Coinbase reveals that an additional $300,000 could have been sent to the hackers had the exchange not taken immediate action
A week after Twitter was crippled by the worst security incident in its history, which led to dozens of high profile accounts being compromised and a substantial amount of stolen Bitcoin, the investigations continue.
The hackers that managed to breach the social media networking site defrauded people of more than $100,000 worth of Bitcoin by using some of the accounts to promote a fictitious organisation called Crypto For Health, claiming to raise funds for community healthcare. Other accounts promised to double the Bitcoin that was sent to the link, which would then be returned to the sender.
However, data from Coinbase shows that the hackers had the potential to defraud much more out of the sting, with at least an additional $300,000 worth of BTC having been held back by the exchanges.
As the attack spread through the site on July 15th, Bitcoin exchanges worked with Twitter to prevent the hackers from receiving more of their stolen Bitcoin.
Twitter’s first step was to temporarily disable the capability to tweet for all verified users. Next, the site blocked all tweets that contained a Bitcoin address.
Bitcoin exchanges did their part by blacklisting the addresses that were linked to the hackers. This prevented money associated with the scam from moving between exchanges.
Coinbase chief information security officer Philip Martin revealed that the company had already observed an anomaly within the first few minutes of Gemini and Binance’s tweets. The two companies were early targets for the fraudsters, immediately before the Coinbase Twitter handle itself was compromised.
Martin revealed that only 14 Coinbase users were affected by the hackers. They managed to send around $3,000 in Bitcoin to the address before it was blacklisted by the company.

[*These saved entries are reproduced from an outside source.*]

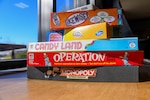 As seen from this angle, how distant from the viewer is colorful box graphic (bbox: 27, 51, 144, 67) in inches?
23.8

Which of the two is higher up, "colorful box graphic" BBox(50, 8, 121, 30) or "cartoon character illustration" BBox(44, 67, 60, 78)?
"colorful box graphic" BBox(50, 8, 121, 30)

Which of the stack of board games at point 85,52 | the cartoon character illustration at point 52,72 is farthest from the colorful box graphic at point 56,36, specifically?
the cartoon character illustration at point 52,72

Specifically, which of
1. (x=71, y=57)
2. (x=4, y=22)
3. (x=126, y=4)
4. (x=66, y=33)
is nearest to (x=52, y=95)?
(x=71, y=57)

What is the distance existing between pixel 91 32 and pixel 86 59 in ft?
0.34

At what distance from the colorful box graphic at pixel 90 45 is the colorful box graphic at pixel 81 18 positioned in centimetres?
12

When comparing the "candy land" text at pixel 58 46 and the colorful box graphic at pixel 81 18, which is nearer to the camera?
the "candy land" text at pixel 58 46

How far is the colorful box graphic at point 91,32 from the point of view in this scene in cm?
66

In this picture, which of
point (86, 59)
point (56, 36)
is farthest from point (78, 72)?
point (56, 36)

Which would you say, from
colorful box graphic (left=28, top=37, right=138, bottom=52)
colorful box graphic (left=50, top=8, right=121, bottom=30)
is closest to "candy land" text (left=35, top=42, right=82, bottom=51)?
colorful box graphic (left=28, top=37, right=138, bottom=52)

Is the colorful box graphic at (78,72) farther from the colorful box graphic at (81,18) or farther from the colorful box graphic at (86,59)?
the colorful box graphic at (81,18)

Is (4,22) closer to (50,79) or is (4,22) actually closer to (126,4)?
(50,79)

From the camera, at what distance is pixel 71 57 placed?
0.64m

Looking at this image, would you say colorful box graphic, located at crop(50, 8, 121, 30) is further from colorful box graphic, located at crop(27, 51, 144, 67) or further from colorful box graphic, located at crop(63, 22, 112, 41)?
colorful box graphic, located at crop(27, 51, 144, 67)

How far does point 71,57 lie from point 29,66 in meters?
0.16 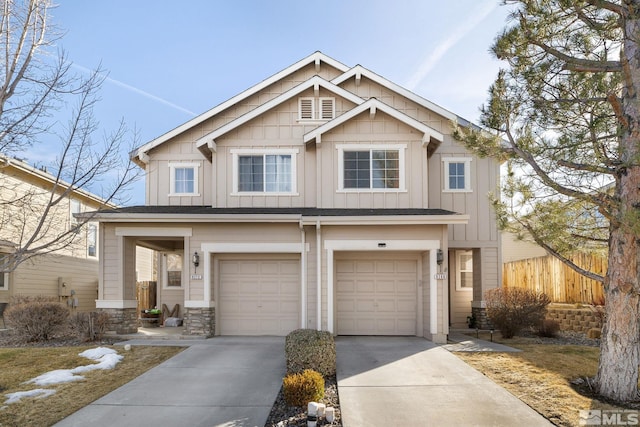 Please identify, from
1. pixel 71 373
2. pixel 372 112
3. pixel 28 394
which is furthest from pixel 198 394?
pixel 372 112

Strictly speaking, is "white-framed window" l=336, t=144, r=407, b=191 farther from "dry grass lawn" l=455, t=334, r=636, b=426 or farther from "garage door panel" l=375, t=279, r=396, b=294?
"dry grass lawn" l=455, t=334, r=636, b=426

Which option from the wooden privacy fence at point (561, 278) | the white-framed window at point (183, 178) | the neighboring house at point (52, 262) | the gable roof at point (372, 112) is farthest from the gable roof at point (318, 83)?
the wooden privacy fence at point (561, 278)

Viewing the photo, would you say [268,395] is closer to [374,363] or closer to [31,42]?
[374,363]

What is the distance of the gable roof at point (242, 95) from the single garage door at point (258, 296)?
4.72 m

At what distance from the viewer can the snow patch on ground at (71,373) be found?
7410 mm

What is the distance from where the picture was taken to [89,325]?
11781 mm

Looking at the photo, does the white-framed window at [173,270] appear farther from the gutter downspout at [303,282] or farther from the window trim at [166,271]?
the gutter downspout at [303,282]

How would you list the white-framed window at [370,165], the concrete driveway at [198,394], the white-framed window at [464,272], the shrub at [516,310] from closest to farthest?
the concrete driveway at [198,394]
the shrub at [516,310]
the white-framed window at [370,165]
the white-framed window at [464,272]

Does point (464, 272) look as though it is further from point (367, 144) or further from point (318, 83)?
point (318, 83)

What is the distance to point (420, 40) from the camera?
43.8ft

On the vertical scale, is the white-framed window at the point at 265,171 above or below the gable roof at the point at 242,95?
below

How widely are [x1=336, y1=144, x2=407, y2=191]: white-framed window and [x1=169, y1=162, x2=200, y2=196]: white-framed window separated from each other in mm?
4882

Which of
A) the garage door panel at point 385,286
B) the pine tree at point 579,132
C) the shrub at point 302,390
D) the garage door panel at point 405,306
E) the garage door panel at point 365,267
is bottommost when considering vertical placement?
the shrub at point 302,390

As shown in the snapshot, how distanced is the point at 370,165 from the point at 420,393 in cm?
741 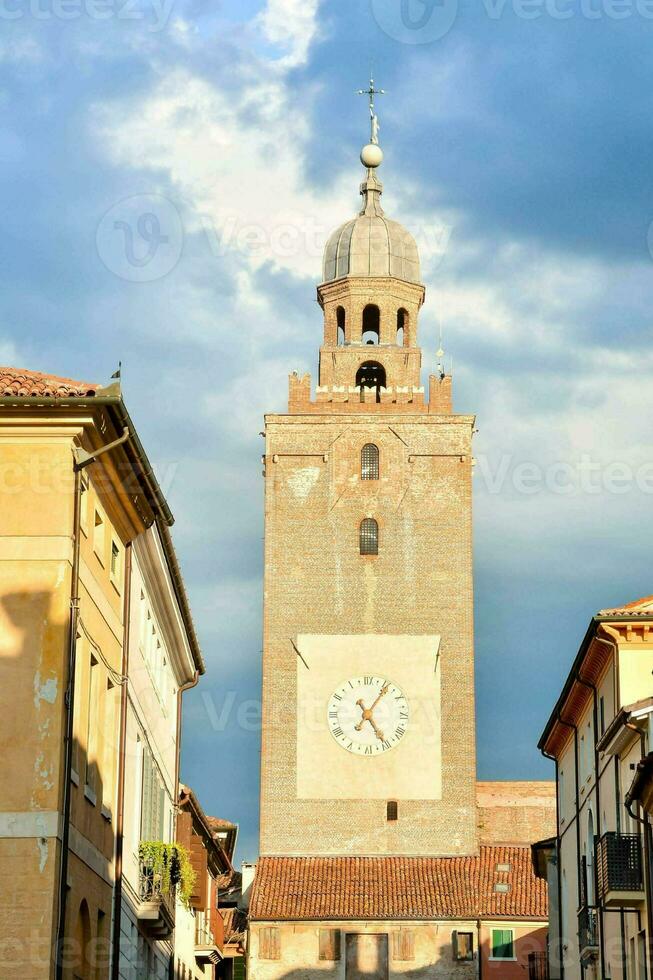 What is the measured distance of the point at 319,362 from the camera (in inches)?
2552

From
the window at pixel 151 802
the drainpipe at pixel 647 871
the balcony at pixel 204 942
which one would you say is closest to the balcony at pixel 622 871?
the drainpipe at pixel 647 871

Gemini, Kraken, and Binance, have also confirmed that they have blacklisted the hacker’s address.
Chief executive of Kraken, Jesse Powell, assures users that exchanges are actively on the lookout for suspicious Bitcoin addresses such as the one shared on Twitter.
“The Twitter hack was a more widespread event, but scams of this nature are not new. Kraken proactively monitors for this type of activity and blocks certain addresses that we come across. Like any other scam, we proactively blocked the addresses from the Twitter hack earlier this week”, Powell said.
This move to blacklist select wallet addresses, even those that are under the control of hackers, have raised speculations in the community that major crypto exchanges could censor Bitcoin transactions that they deem undesirable.